Blood collection and preparation:
Guinea pigs were anesthetized with isoflurane (Drägerwerk AG, Lübeck, Germany) in compressed room air (flow rate 1.0 LPM) slowly, by increasing the isoflurane 0.4% every 3 min until a surgical depth of anesthesia was achieved, typically 3%. Under anesthesia, a femoral artery catheter was implanted. Each donor bled freely into 1.4 mL of CP2D taken from an AS-3 blood preparation kit (Haemonetics Corporation, Braintree, MA, USA) until 50% of blood volume was lost. Donor blood was then pooled, and CP2D concentration was adjusted to 14%. Pooled blood was centrifuged at 1000 g for 7 minutes, and the supernatant removed. AS-3 (22%/vol) was then added, and the blood was mixed gently by inverting the bag for 1 minute. Pooled blood was then passed through a neonatal leukocyte reduction filter (Haemonetics Corporation, Braintree, MA, USA). RBC units intended for storage received 500 µM curcuminoids on the first day (0d) of storage. The same volume of a vehicle (no curcuminoids) was added to another bag to serve as the vehicle control. At the 2nd and 3rd weeks of storage, blood was radiolabeled with Technetium-99 (Tc99) as described by Zink et. al53. Briefly, RBC samples (1.0 mL) were added to a sterile reaction vial and gently mixed to dissolve the lyophilized UltraTag-RBC (UltraTag-RBC, Mallinckrodt, St. Louis, MO, USA), and allowed to react for 5 to 7 minutes. Then, UltraTag pH buffers were added to adjust pH, by gently mixing them into the reaction vial and by inverting the container. Samples were washed with sterile PBS twice and centrifuged to remove unreacted Tc99, and labeled RBCs were injected. 200 μL of Tc99 radiolabeled blood (approximately 2% of blood volume) was delivered I.V. to male anesthetized guinea pigs and 65 μL samples were drawn at 5 minutes, 30 minutes, and 24 hours post-injection. Samples were all run for detection of radioactivity on a Cobra II gamma counter (Packard Instrument Co., Meriden, CT, USA) at the same time so that the reported counts were independent of sample time and only representative of the still-circulating radio-labeled RBCs.

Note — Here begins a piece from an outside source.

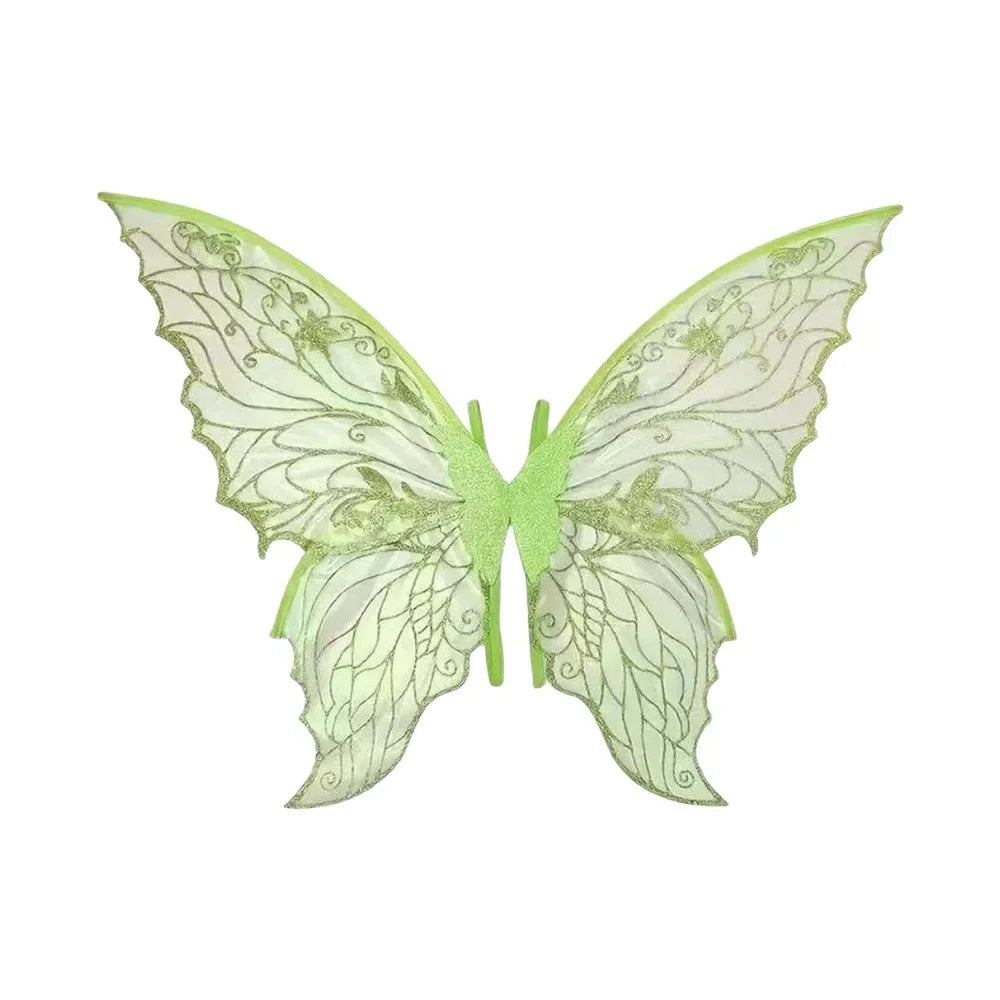 1PC Adults Fairy Wings Girls Sparkling Angel Wings Butterfly Costume Wings Costume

ATP and 2,3DPG: Aliquots of RBCs were mixed with cold trichloroacetic acid (DiaSys Deutschland, Flacht, Germany) and vortexed for 60 seconds. Aliquots sat on ice for 5 minutes and were then centrifuged at 3600g at 4°C for 10 minutes. The supernatant was removed and frozen at -80°C for later analysis. Supernatants were assayed enzymatically with commercially available kits. DPG was measured with the Roche 2,3-Diphosphoglycerate kit (Roche Diagnostics, Indianapolis IN, USA) according to manufacturer’s instruction. ATP was measured by DiaSys ATP Hexokinase FS kit (DiaSys Diagnostic Systems GmbH, Holzheim, Germany) according to manufacturer’s instruction.